By Donu Kogbara

FOR the past couple of weeks, I have largely dedicated this page to Fulanis and Middle Belt Christians who have contacted me to share their differing opinions about the herdsmen crisis in the North. The following email from a Benue State indigene, Iorkam Wanazoom ([email protected]), contained some interesting points that have not hitherto been aired in the Sweet N Sour space. 

UMAR Abubakar Ibrahim, one of your contributors on July 20, said that the Fulanis are targetted by other tribes in the North. This is a lie and an obfuscation strategy devised by evil people to try and evade responsibility for the brigandage of Fulani militias.

Migratory grazing

Every ethnic group in the North occupies its territory where it lives and carries out its economic occupations. Where individuals, members of an ethnic group, move to places outside of their own personal holdings, they purchase the right to use such places through negotiated personal transactions.

The Fulani also have territories that they settled, and from there go on migratory grazing with their cattle to other areas on seasonal basis. They used to negotiate with the people in the areas they visited, to graze in the non-cultivated open spaces. But over time, and since the advent of the current government, they no longer seek permission to graze on any land. They now prefer to graze their cattle on the cultivated crops of the farms belonging to the locals, thereby destroying the farms. When they are challenged for destroying planted crops and farms, they resort to violence and kill the farmers.

They do this with the full knowledge that the law enforcement agencies under their kith and kin in Buhari’s government will not hold them accountable to justice. When a farmer in annoyance over destruction of his farm crops, fights back and a Fulani is hurt, the herders mobilise their militias and attack the village, killing everyone they see and destroying the village.

They have now come up with all kinds of diversionary excuses, alleging rustling of their animals and blockage of grazing routes. Non-herders cannot rustle cattle, they cannot control and make away with cattle. Where rustling takes place, it is carried out by Fulani themselves, not crop farming communities.

The claim of grazing routes assumes that there are no other people in the North but only Fulani, to whom all the land belonged. History showed that areas belonging to other ethnic groups that Fulani used to pass with their cattle were made available by permission of the owners.

Now population has grown and open spaces taken up and occupied by the growing populations. Are the Fulani suggesting that ethnic groups should not grow in population in their territories, so that there will be open spaces for the exclusive use of the Fulani?

The resort to accusing politicians’ desperation is just another way of obfuscation of the magnitude and intention of the evil being carried out by herders’ militias with the connivance of the government in charge of security apparatus and law enforcement.

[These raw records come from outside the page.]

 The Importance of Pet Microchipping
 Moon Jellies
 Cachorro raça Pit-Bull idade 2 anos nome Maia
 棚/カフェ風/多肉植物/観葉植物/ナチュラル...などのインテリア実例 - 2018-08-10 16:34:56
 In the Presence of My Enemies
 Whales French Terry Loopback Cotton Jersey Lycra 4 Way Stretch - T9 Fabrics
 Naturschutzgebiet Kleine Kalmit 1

I find it very irritating when our Fulani compatriots adopt diversionary and evasive tactics and arguments to downplay the evil their tribesmen are unleashing on simple minded, less influential, smaller tribes in the North. I read your earlier article in which Fulani elites like Kadaria Ahmed   lamented that they are being unfairly singled out and accused of massacres.

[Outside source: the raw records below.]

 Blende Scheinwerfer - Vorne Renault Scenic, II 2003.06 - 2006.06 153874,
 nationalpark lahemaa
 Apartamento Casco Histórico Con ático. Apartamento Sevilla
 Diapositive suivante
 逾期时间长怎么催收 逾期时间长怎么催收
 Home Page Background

A simple test of the truth regarding the issue of attacks and massacres is the locations where they have happened. Never have we heard of an attack in the areas that are originally Fulani occupied as shown on your updated map. No tribe has encroached on an inch of Fulani territory anywhere in Nigeria.

Reprisal attacks

The Zamfara attacks are Fulani themselves rustling the cattle of their fellow herders, but the targets of their reprisal attacks are the minority farming tribesmen. The Adamawa Mambilla clashes all happened in the territories of the Bachama, where the itinerant Fulani have gone to assert themselves over the locals! To find an enduring solution to the clashes, we need to enforce the fact that there is no free land or any other resource that the citizenship of Nigeria automatically confers on any one.

Every piece of land belongs to someone or some people, and if you need access to it, you negotiate for it and come to mutual freewill agreement. You do not use your network of links to government to seize the land by violence, arm-twist and blackmail the owners of the land to become subjugated to you. The argument of Fulani that land belongs to government and they have rights to such lands by virtue of citizenship is wrong. At its heart, this is an issue of resource control, only this time it is not oil but land.

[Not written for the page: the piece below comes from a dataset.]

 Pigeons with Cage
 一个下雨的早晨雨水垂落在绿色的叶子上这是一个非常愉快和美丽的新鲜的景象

Mr Wanazoom’s comments are not the last word. This important and robust debate should, no matter how painful, be ongoing. As I’ve said before, unpleasant issues do not disappear simply because they are swept under the carpet for diplomatic or cowardly reasons. I firmly believe that problems are more likely to be solved if toxic grievances are openly expressed.  

Which is why I will, from time to time, continue to publish articulate submissions received from either “camp” on this page.